Given data —
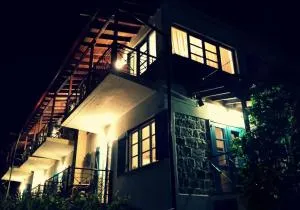 Aigaion Guesthouse - Kariotes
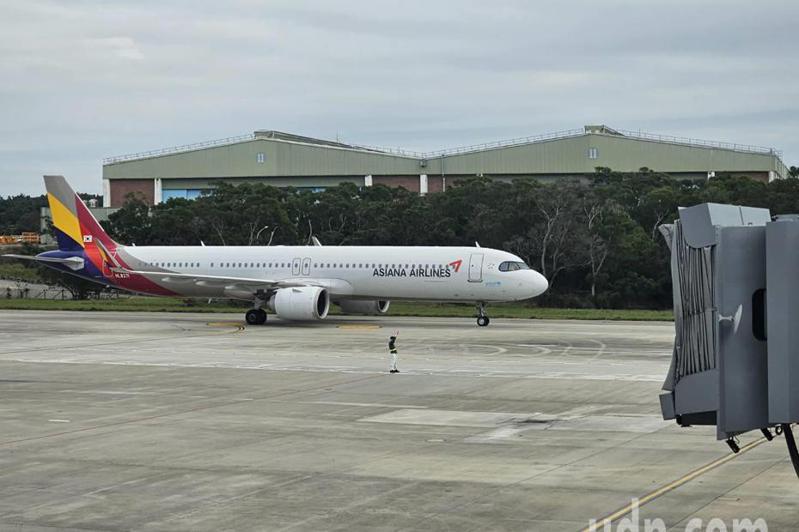 南韓「韓亞航空」仁川機場首航台中，昨天滿載177名旅客抵達台中國際機場，台中市府觀光旅遊局辦理迎賓活動。記者游振昇／攝影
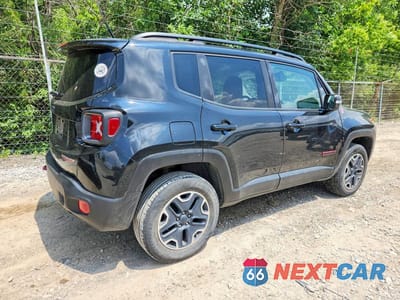 Trzecie zdjęcie samochodu z tyłu: 2017 JEEP RENEGADE TRAILHAWK VIN:ZACCJBCB0HPG53727 - miniatura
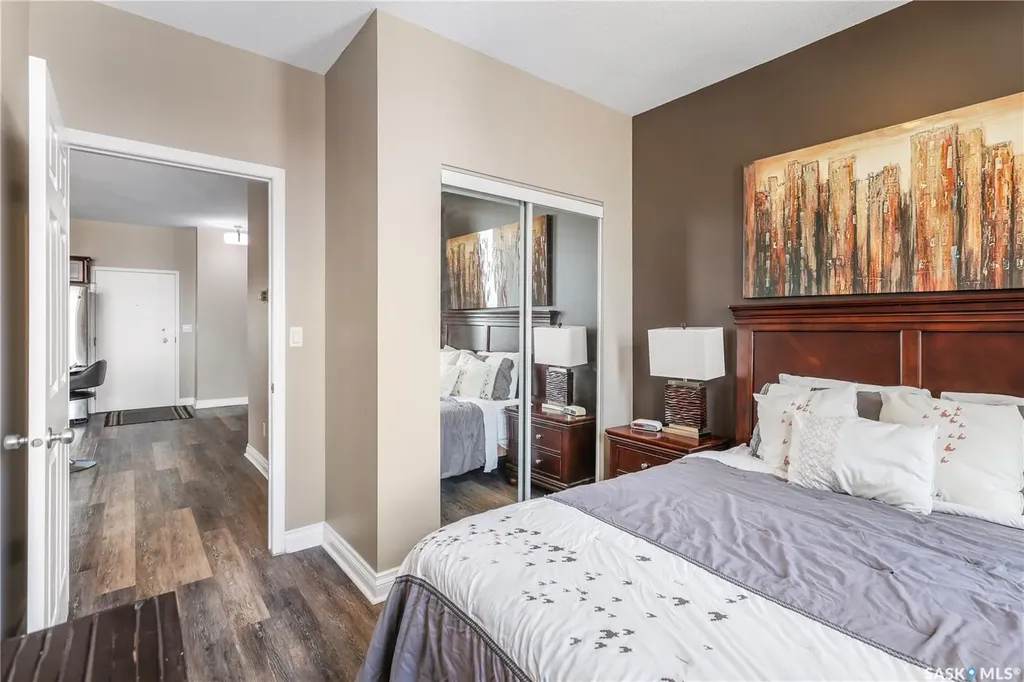 1867 Hamilton Street Regina SK S4P 2C2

Assignment — Repeat the material exactly as it reads, without any of its pictures.

Result of the task —
 Aigaion Guesthouse - Kariotes
 南韓「韓亞航空」仁川機場首航台中，昨天滿載177名旅客抵達台中國際機場，台中市府觀光旅遊局辦理迎賓活動。記者游振昇／攝影
 Trzecie zdjęcie samochodu z tyłu: 2017 JEEP RENEGADE TRAILHAWK VIN:ZACCJBCB0HPG53727 - miniatura
 1867 Hamilton Street Regina SK S4P 2C2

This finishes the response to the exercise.